Use the following procedure to run the zebrafish pipeline. Action items are **bolded**, the rest of the text provides rationale for what we're doing.

## Nuts and bolts

First, we'll need to establish a connection to Google Drive, from which we'll read in the image data, and to which we'll write some logging data and charts.

**Run the next code block to start the connection to Google Drive, and follow whatever instructions pop up to complete the connection.**

In [None]:
# Mount Google Drive

from google.colab import drive
drive.mount('/content/drive')

Next, we'll need to get the latest zebrafish pipeline code for this script to use. **Run the next code block to download it from GitHub and print out the version we'll be using.**

In [None]:
# Get GitHub repository

import json
from urllib.request import urlopen
from zipfile import ZipFile

repo_url = 'https://github.com/mengqinqqq/pepita/archive/refs/heads/master.zip'
with open('/tmp/repo.zip', 'wb') as zip_file:
  response = urlopen(repo_url)
  zip_file.write(response.read())

with ZipFile('/tmp/repo.zip') as zip_file:
  zip_file.extractall(path = '/tmp/')

commit_url = 'https://api.github.com/repos/mengqinqqq/pepita/commits?per_page=1'
response = json.loads(urlopen(commit_url).read())
print('Got analysis pipeline at commit hash', response[0]['sha'][:12],
      f'({response[0]["author"]["login"]}: "{response[0]["commit"]["message"]}")')

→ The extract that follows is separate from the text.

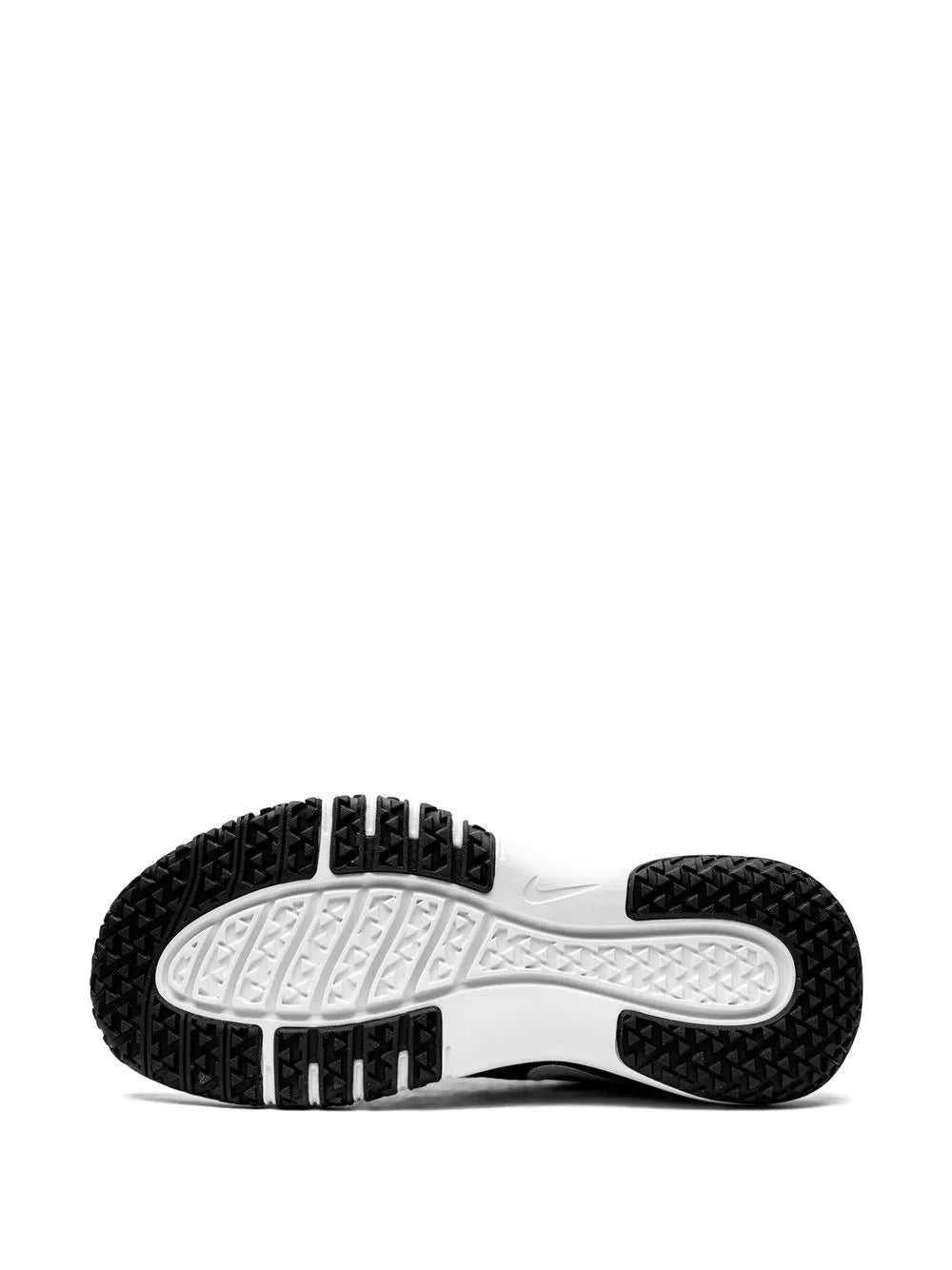 Nike Flex Control Tr4 Black/White/Dark Smoke Grey Sneakers Grazuv Mart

The last piece of getting our infrastructure set up will be to ensure that all the pipeline's dependencies are installed -- by default some won't be. (Once they're installed, python will need to be restarted to gain access to the new packages -- we'll do that next.) **Run the following command:**

In [None]:
!pip install -r /tmp/pepita-master/requirements.txt

Ok, assuming the previous command completed successfully, all dependencies are now installed; **restart the runtime (in the top left menu, Runtime > Restart runtime)**.

Once that's complete, the check marks in the code blocks above should be gone -- that's fine, those blocks have done their jobs and don't need to be rerun.

**Run the next code block to start importing what's needed to run the pipeline.** If it completes successfully, all dependencies are now properly in place.

In [None]:
import glob
import os
import sys

sys.path.append('/tmp/pepita-master')

import pipeline

## Getting relevant data

1. If the zebrafish images aren't stored in Google Drive yet, **upload a directory containing all the images for the experiment**, by going to Google Drive, hitting `+ New`, and uploading the *folder* (not a zip file).
  - You can obtain these from the lab share drive, at Active(Helens)/ma_lab/Microscopy/Zebrafish.
  - You can also obtain these from Dropbox, at Dropbox/Ethan/Project_INDIGO-Tox/Experiments/[Date]_[Experiment].
  - If you're on a computer without access to either of these locations:
    1. log in to Dropbox using the lab Avira credentials,
    1. navigate to the relevant folder at the location listed above,
    1. download the whole experiment folder,
    1. and unzip the zip file that gets saved in your Downloads folder.
  - Whichever way you get it, upload the whole experiment folder, with subfolders for each of the (1-3) plates inside it.

1. We will also need to **upload a CSV plate template indicating what condition each well represents** -- *this is a very important piece*, providing important information on what the image data means; without it, we just have unlabeled images.
  - An example template can be found in the github repo [here](https://raw.githubusercontent.com/ma-lab-cgidr/PEPITA-tools/master/examples/plate-layout.csv).
  - The location and name of the CSV file on Google Drive will be configured lower down, so put it anywhere you like.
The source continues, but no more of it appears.